To control the ability of the eluted DNA from DBS to be amplified, 5 μl of DNA from each sample were amplified for the human telomerase reverse transcriptase (hTERT) located in the 5p15.33 (Gene Bank accession: AF128893), employed as housekeeping gene. Amplification was carried out as previously described
. A quantitative method based on Multiplex Real-Time PCR assay was performed to quantify EBV type 1 and EBV type 2, using a primer pair for the EBNA2 gene
[36, 37] and the probes designed to discriminate between EBV type 1 and EBV type 2 ( EBV type 1: 5'-FAM-AAT CCT CCT ACC CTC TCT TTA TGC CAT GTG TGT-TAMRA-3'; EBV type 2: 5'-Cy5 TGG GCT GTT AGT AGG GT-BBQ-3')
. A standard reference curve was obtained by five-fold serial dilution of two amplicons, one for EBV type 1 and the other for EBV type 2, and amplification was carried out, as already detailed
. The multiplex assay showed a dynamic range from 5 to 2×105 copies. The results were expressed as EBV-DNA copies/ml. In those who had both EBV 1 and 2, viral levels were added and their total viral loads were analysed to investigate the association between NHL and EBV viral load.
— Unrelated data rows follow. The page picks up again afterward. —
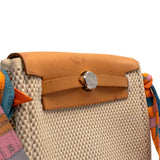Hermes 'Toile Herbag TPM' Handbag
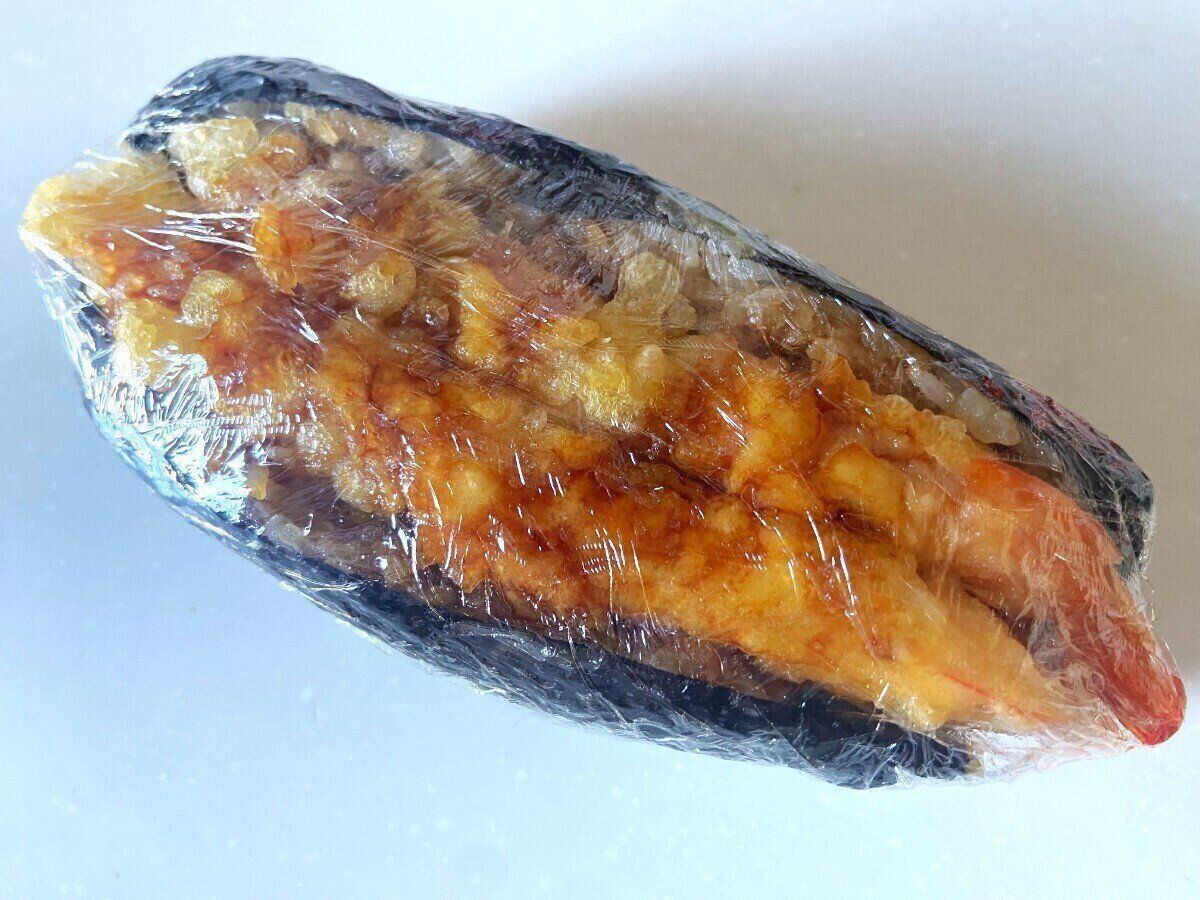 海老天おにぎり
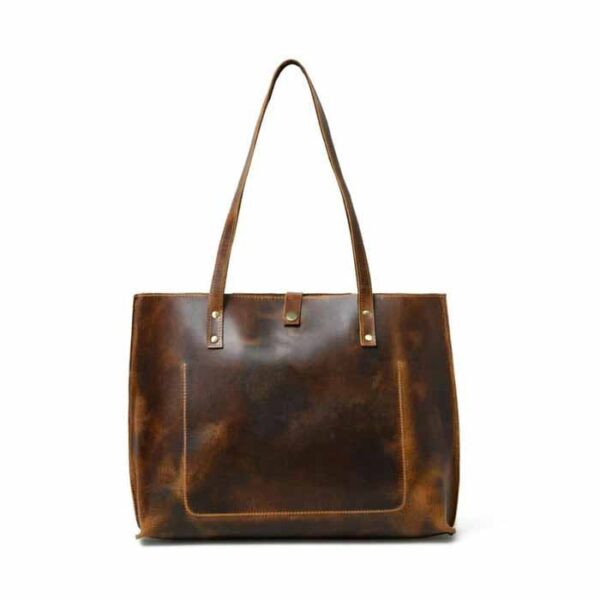 Women Leather Bag  111 - Image 3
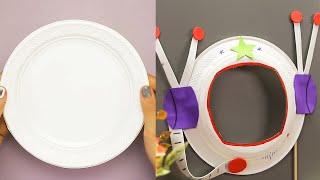 DIY Space Helmet! Crafts for Kids || Everyday Crafts #shorts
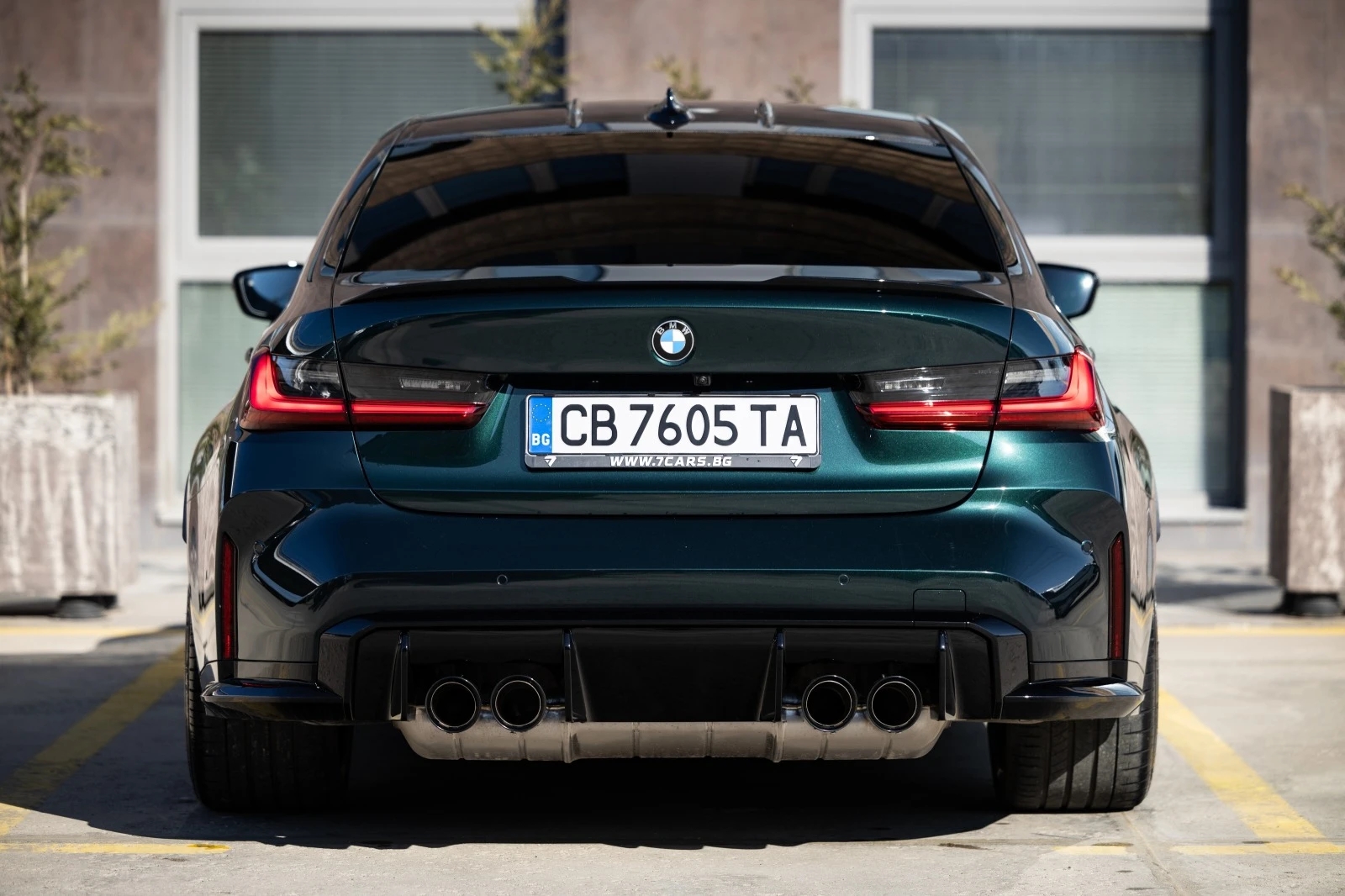 BMW M3 COMP. ЛИЗИНГ ВНОСКА 1850ЛВ 35000ЛВ ПЪРВОНАЧАЛНА ВН - изображение 5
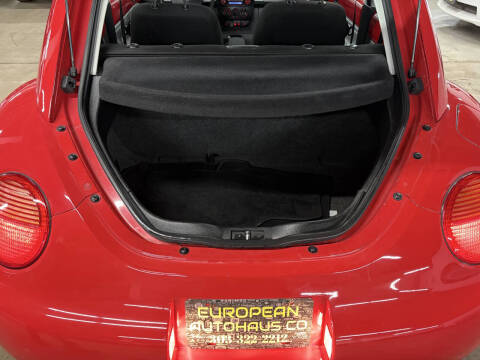 2001 Volkswagen New Beetle GLS TDi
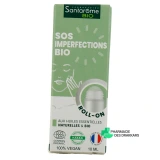 Santarome Roll-On SOS Imperfections Bio - Vue 360°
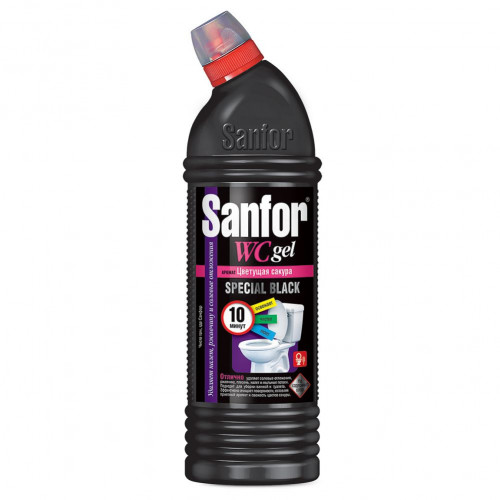 САНФОР Гель WС Speсial Black 1000г (черный) САНФОР Гель WС Speсial Black 1000г (черный)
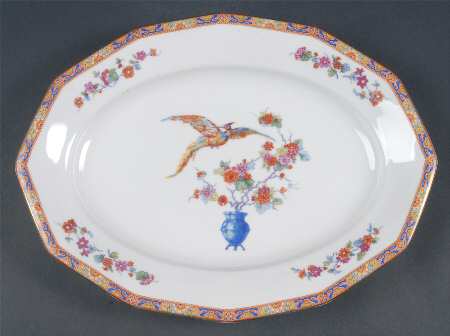 BLK5 (CZE) 13" Oval Serving Platter by Black Knight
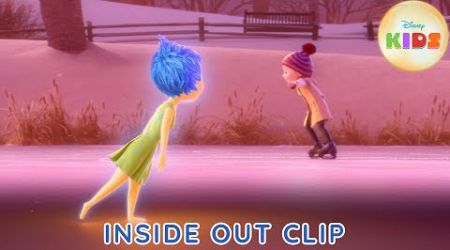 Riley&#39;s Ice Skating Dream | Inside Out | Disney Kids
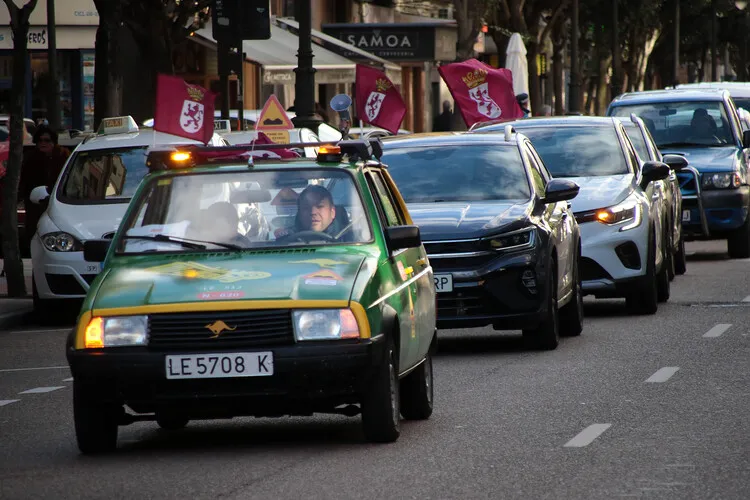 CONCENTRACION POR EL ARREGLO DE LA N-630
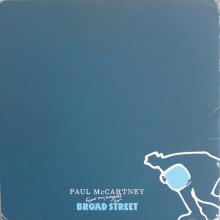 1984 09 24 Give My Regards To Broad Street - Press Kit - UK TESTPRESSING - Artwork LP And Single - Promo - pic 2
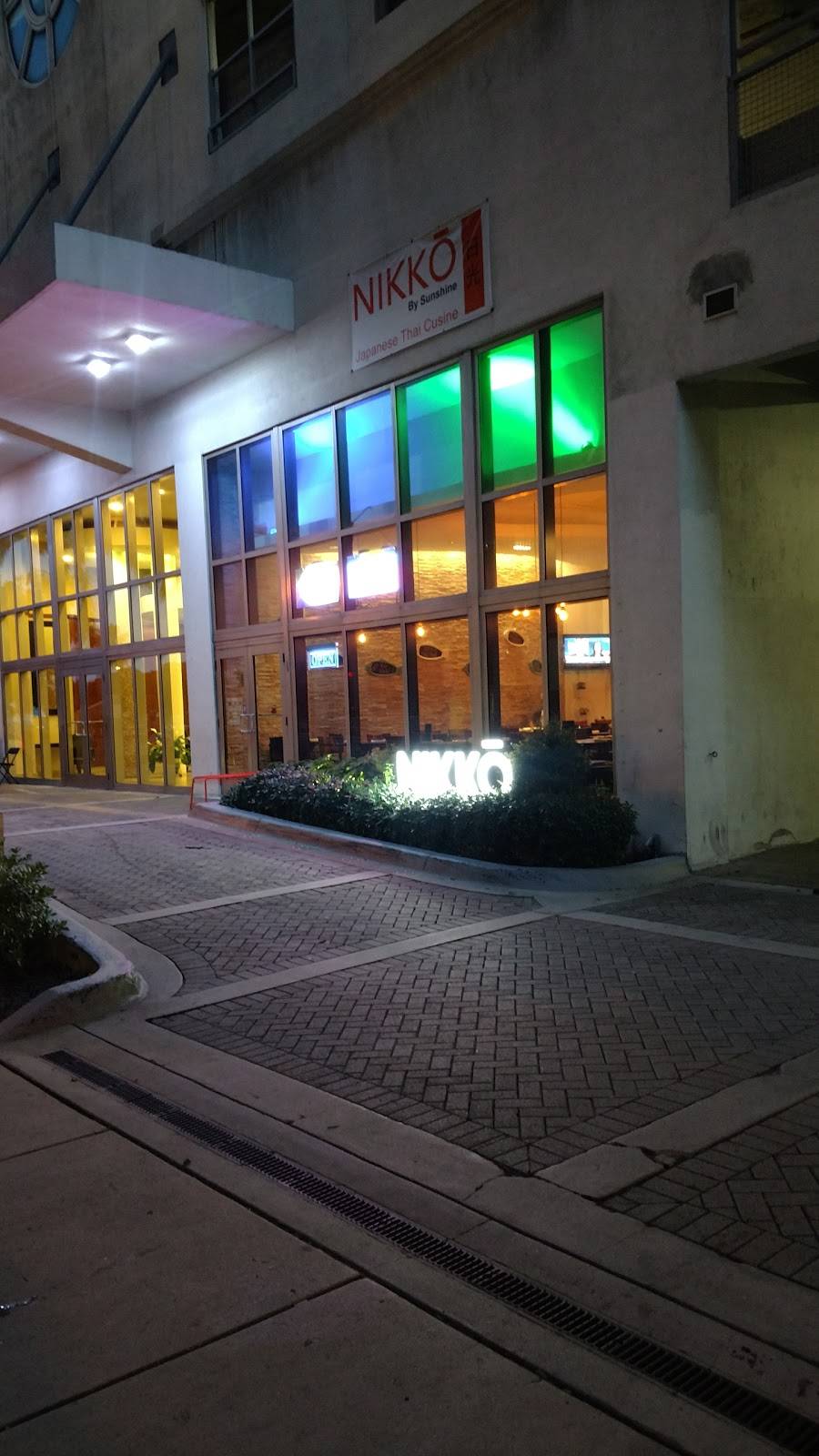 Nikko by Sunshine | restaurant | 186 SE 12th Terrace, Miami, FL 33131, USA | 3054180151 OR +1 305-418-0151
Data were screened and edit checks were done to minimize data entry errors. Data were analysed with the STATA 11 software (College Station, Texas, USA). Categorical variables were summarized as percentages and were analysed by Chi-square or Fisher’s exact tests where appropriate. Continuous variables were summarized as mean (standard deviation) or median (range) where appropriate. EBV-DNA levels of cases and controls were compared using Wilcoxon rank sum (Mann–Whitney) test. The association between NHL and EBV was investigated using conditional logistic regression model. Odds ratios (OR) and 95% confidence intervals (CI) were determined by maximum likelihood estimation. The data were considered significant if the p-value was < 0.05.
Ethical approval was obtained from the Joint Bugando Medical Centre/Bugando University College of Health Sciences research and publication committee and guidelines on ethical requirement for conducting research and sample transportation outside the country were adhered to. Confidentiality was assured and the study did not interfere with the decision of the attending physician in case of absence of the investigator.